Judgments in some types of cases are excluded from the Convention, such as family law, insolvency, wills and estates, defamation, intellectual property, some maritime law cases, and the carriage of passengers and goods.  Nor does the Convention apply to judgments in tax or customs matters or law enforcement.  However, the mere fact a government is a party to the proceeding does not by itself exclude the case from the reach of the Convention.    


Overall, the Convention will substantially improve international cooperation in legal matters, and substantially improve the efficacy of court judgments. 

However, the Convention unfortunately will probably not remedy the problems of excessive delays or bureaucratic requirements for enforcement proceedings seen in some countries (e.g. Mexico, India).  Although the Convention says the court in the Requested State “shall act expeditiously”, the Convention does not attempt to streamline procedures. It allows each country to follow its own procedures for enforcement.

The Convention provides welcome protection to consumers who are judgment debtors in consumer contract cases and to employees who are judgment debtors in employment contract cases.  Contracts of adhesion often contain forum selection clauses that are unfavourable to the consumer or employee.  See for example the clause for Uber drivers in Heller v Uber 2019 ONCA 1. The court in the State of Origin does not have jurisdiction, for the purpose of enforcement, based on the consumer’s or employee’s consent to the court’s jurisdiction unless that consent was addressed to the court, i.e. not given merely by way of a forum selection clause. 

The Convention does not clearly indicate whether judgments for injunctions or other monetary relief are enforceable.   The Convention’s definition of judgment (Art. 3) does not address the type of remedy, other than to exclude interim measures of protection.   Article 7 sets out six permissible grounds for refusing to enforce a judgment;  the fact  a judgment imposes a non-monetary the remedy is not among them.  Article 10 permits a State to refuse to enforce a judgment if it imposes a certain kind of remedy, namely damages such as punitive damages that do not compensate for actual loss or harm.  That article too is silent about non-monetary remedies.    I would conclude the Convention applies to non-monetary judgments.   

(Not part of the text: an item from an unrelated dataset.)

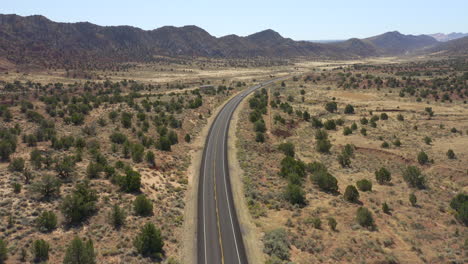 aerial view of interstate highway and cars during a road trip in the dry and rugged desert of utah in the american southwest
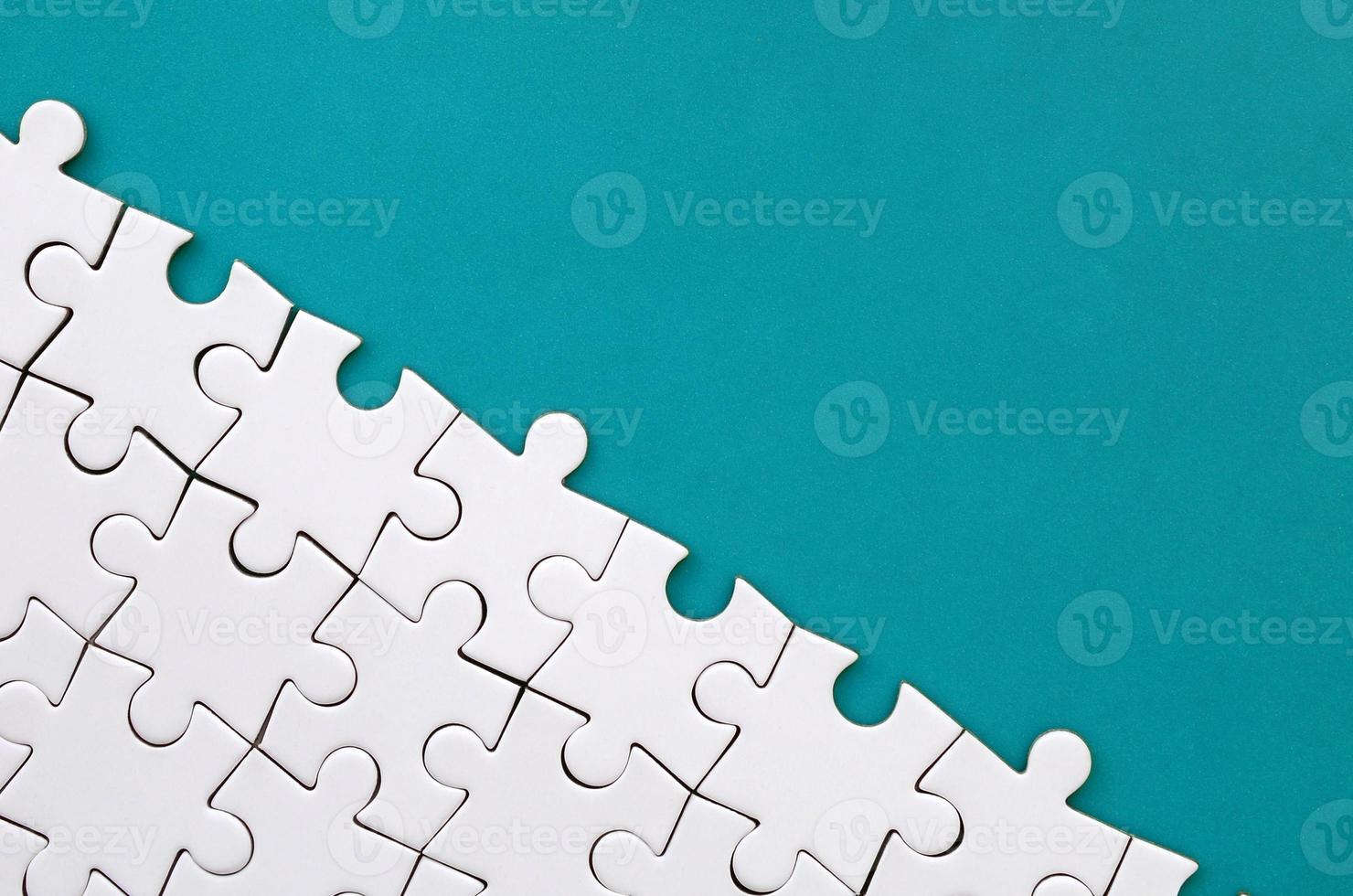 Fragment of a folded white jigsaw puzzle on the background of a blue plastic surface. Texture photo with copy space for text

However, even if the Convention does not exclude such judgments, and even if it implicitly allows enforcement, the Convention does not provide much help in enforcing them.  Judgments in many of the main areas of law where such remedies are given are excluded from the Convention, for example family law (orders for access), defamation (injunctions to not publish defamatory material), anti-trust (injunctions restraining anti-competitive tactics) and intellectual property (injunctions to prevent or stop infringement).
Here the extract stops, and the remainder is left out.